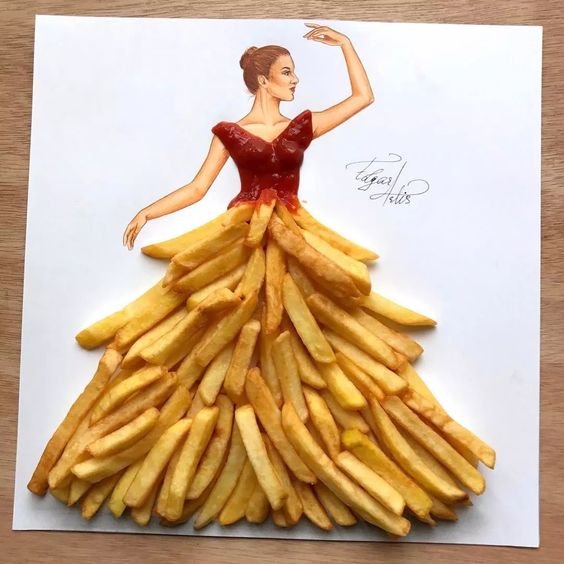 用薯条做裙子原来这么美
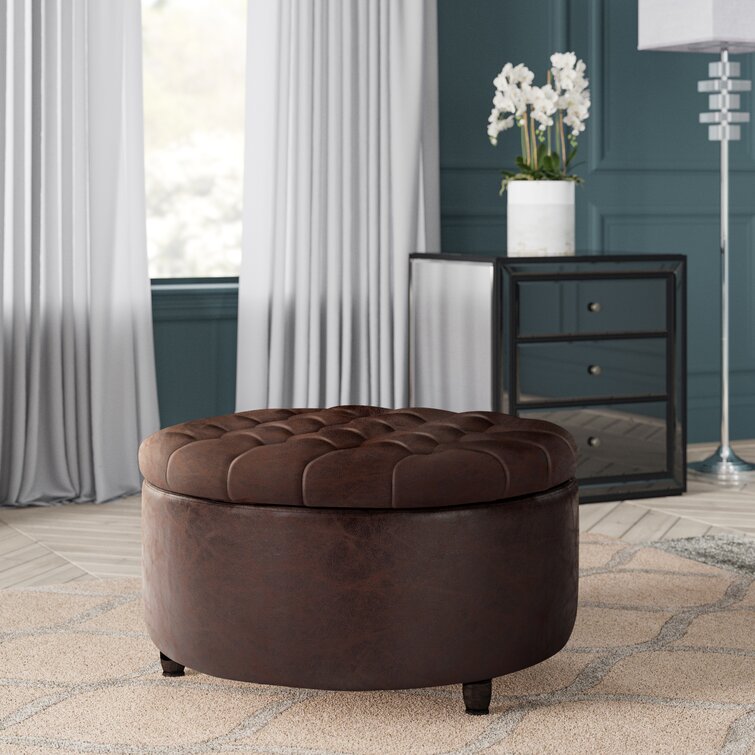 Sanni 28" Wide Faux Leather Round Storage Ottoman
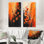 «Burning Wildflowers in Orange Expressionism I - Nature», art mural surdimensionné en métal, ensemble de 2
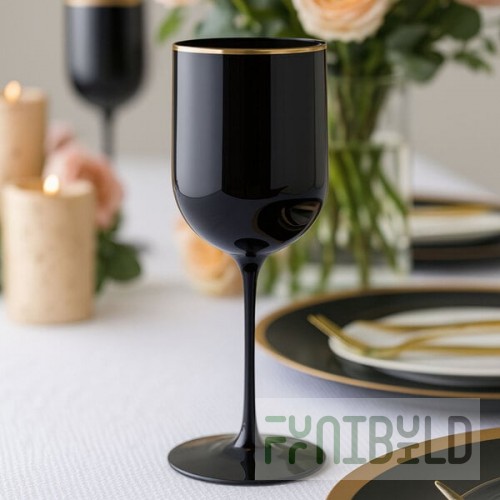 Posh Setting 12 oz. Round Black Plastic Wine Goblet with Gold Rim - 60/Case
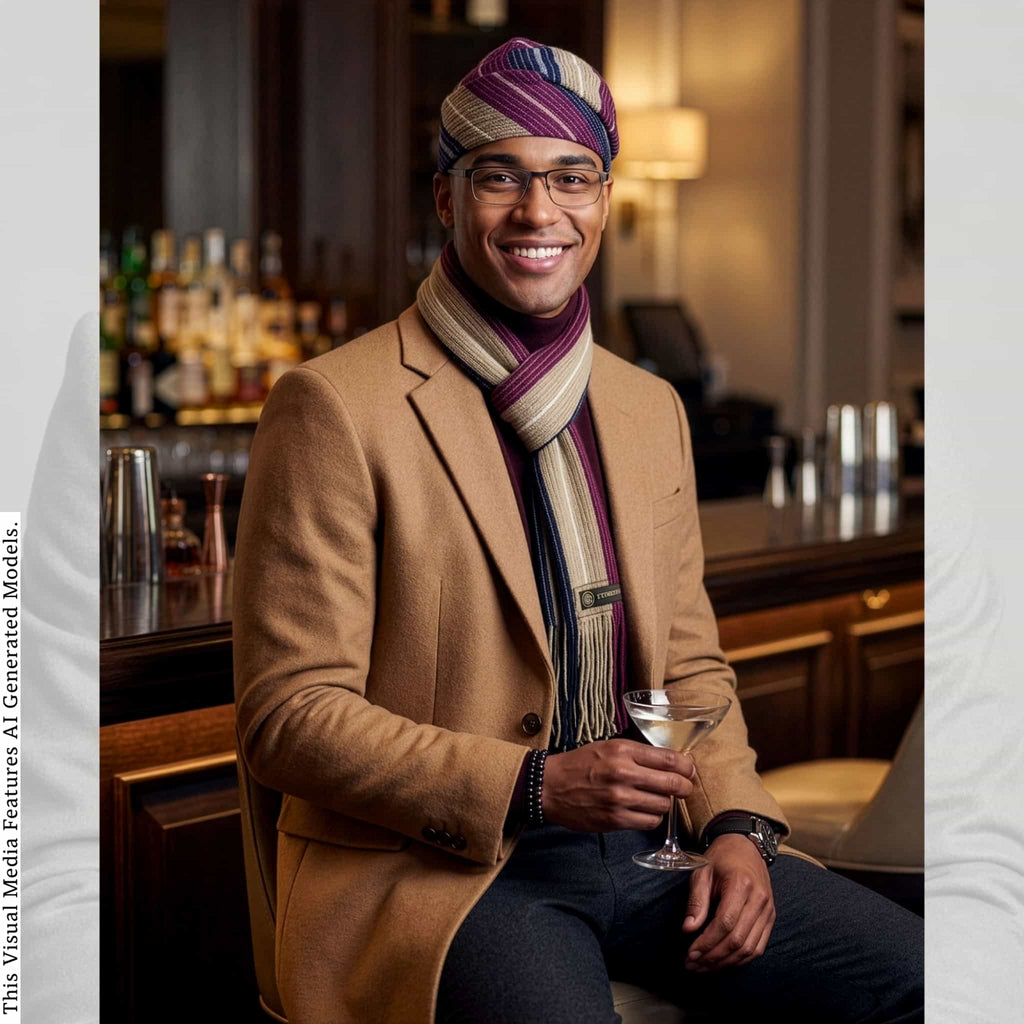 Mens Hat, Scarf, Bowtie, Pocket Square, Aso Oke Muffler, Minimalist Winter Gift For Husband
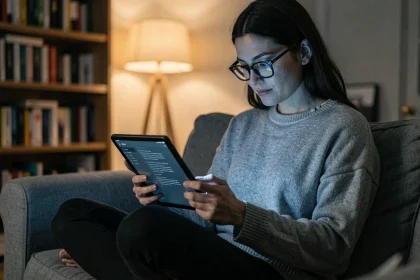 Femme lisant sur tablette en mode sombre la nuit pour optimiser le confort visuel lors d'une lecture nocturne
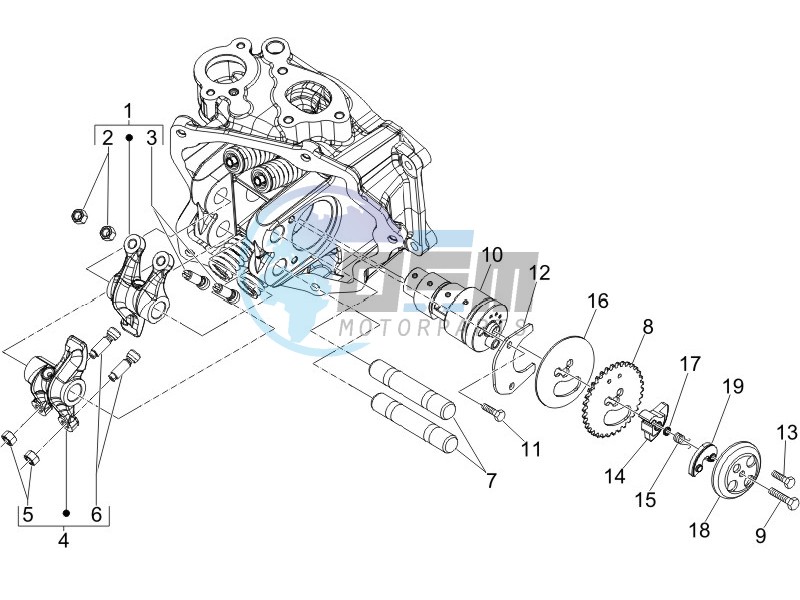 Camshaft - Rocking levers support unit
# # # # #
Exercise instructions.
Please copy the lines above exactly as written, apart from any pictures.

Response.
 用薯条做裙子原来这么美
 Sanni 28" Wide Faux Leather Round Storage Ottoman
 «Burning Wildflowers in Orange Expressionism I - Nature», art mural surdimensionné en métal, ensemble de 2
 Posh Setting 12 oz. Round Black Plastic Wine Goblet with Gold Rim - 60/Case
 Mens Hat, Scarf, Bowtie, Pocket Square, Aso Oke Muffler, Minimalist Winter Gift For Husband
 Femme lisant sur tablette en mode sombre la nuit pour optimiser le confort visuel lors d'une lecture nocturne
 Camshaft - Rocking levers support unit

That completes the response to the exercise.